* WHAT THE TASK ASKS
Give again exactly the lines that stretch from the one with "Pump Casing" to the end of the data below, including both of those lines and nothing else.

* INPUT DATA
§ §

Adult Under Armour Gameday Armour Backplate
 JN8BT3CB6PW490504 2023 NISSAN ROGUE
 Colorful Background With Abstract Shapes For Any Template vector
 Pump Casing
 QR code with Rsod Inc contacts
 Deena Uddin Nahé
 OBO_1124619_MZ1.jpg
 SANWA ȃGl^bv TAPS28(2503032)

§ §

* FINISHED EXERCISE
 Pump Casing
 QR code with Rsod Inc contacts
 Deena Uddin Nahé
 OBO_1124619_MZ1.jpg
 SANWA ȃGl^bv TAPS28(2503032)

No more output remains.